Figure 2: Frame from the EPAGE website summarising the patient characteristics for atypical chest pain
epage website

These conclusions are based on evidence that only gastroscopy can accurately establish the diagnosis of oesophagitis, but that the majority of patients with reflux disease have a normal gastroscopy.

In addition, acid-lowering therapy benefits patients with chest pain resulting from acid reflux, and therefore therapeutic interventions may be a better option than endoscopy.

Standardisation of the indications for endoscopy has obvious benefits. The expert panel determined that there are a number of clinical situations where the appropriateness of the investigation is uncertain. Such a decision will depend on the circumstances of the individual patient.

Open access gastroscopy is widely available to GPs in the UK. Use of the EPAGE guidelines should help to reduce the number of inappropriate referrals.

Long waiting lists for gastroscopy and colonoscopy are common within the NHS. The early detection of neo-plastic disease is cost-effective and prompt diagnosis is clearly desirable. Should referrals for endoscopy be rationalised, there is the potential for a reduction in referrals, with a resulting reduction in waiting lists.

Endoscopy is not without risk and not well tolerated by some patients. Adoption of the EPAGE guidelines could improve access for patients and ensure best use of the limited resources in secondary care.

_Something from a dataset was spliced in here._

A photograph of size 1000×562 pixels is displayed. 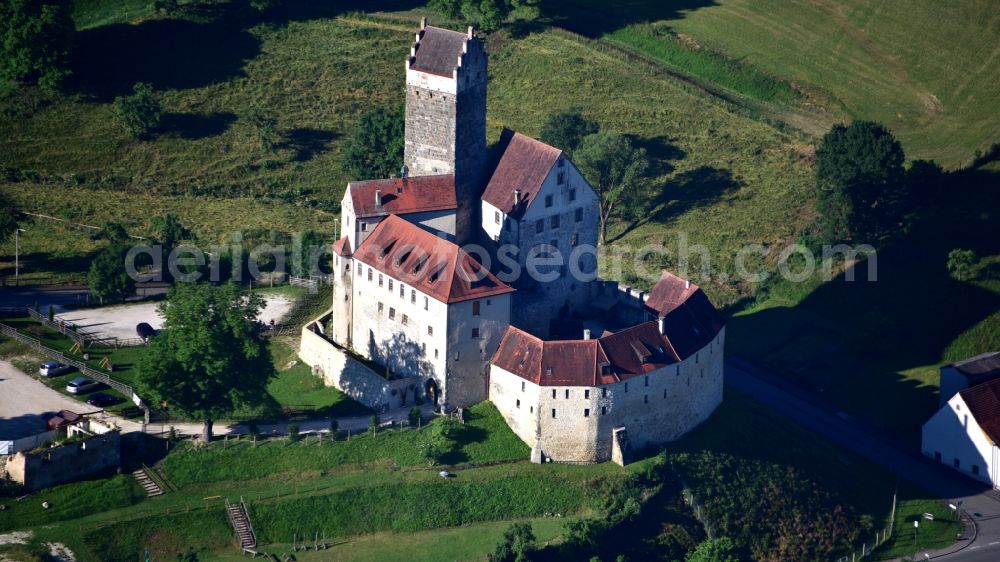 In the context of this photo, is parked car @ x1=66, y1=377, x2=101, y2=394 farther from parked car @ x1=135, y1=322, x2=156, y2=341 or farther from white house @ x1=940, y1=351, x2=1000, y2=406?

There is still considerable uncertainly about the appropriateness of endoscopic procedures at all levels of clinical practice. Although there is also some uncertainty about indications, even among the expert panel, the guidelines provide an excellent consensus in a variety of clinical situations.

This will be of great value to GPs in determining the value of investigation in an individual patient, especially when the GP is part of an open access referral scheme. Also, the opinions of the expert panel could be invaluable to both primary and secondary care physicians.

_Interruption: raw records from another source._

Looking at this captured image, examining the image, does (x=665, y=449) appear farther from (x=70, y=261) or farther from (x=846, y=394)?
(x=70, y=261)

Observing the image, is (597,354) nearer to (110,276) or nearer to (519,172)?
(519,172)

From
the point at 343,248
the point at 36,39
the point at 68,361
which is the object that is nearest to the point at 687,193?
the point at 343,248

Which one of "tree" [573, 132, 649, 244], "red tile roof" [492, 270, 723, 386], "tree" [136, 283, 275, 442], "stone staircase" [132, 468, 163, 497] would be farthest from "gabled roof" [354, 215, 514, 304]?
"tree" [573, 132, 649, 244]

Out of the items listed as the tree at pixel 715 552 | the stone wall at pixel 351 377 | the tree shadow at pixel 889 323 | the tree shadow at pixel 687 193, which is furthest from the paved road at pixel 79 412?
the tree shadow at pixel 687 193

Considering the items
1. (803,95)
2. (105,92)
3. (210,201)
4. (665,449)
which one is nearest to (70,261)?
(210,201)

If the guidelines were to be adopted by a primary care group, referrals within the group could be standardised and a referral form could be devised to include (or exclude) certain patient groups. A trained worker with access to the internet could filter referrals and streamline procedures.

In our own department, patients waiting for gastroscopy are often treated with acid-lowering drugs; by the time of gastroscopy, many are asymptomatic. The reason for investigation then changes from diagnosis to exclusion of more serious disease.

Guidelines are based on the clinical evidence available at the time of their inception. The EPAGE experts remain available for any updating in the light of new clinical evidence. The novel approach to publishing the guidelines on a website provides the ideal opportunity to upgrade as appropriate.

If you have access to the internet I would strongly urge you to visit the EPAGE site. You may find that it will change your clinical practice!

  1. Endoscopy No. 8, Vol 31, October 1999, pp 571-696.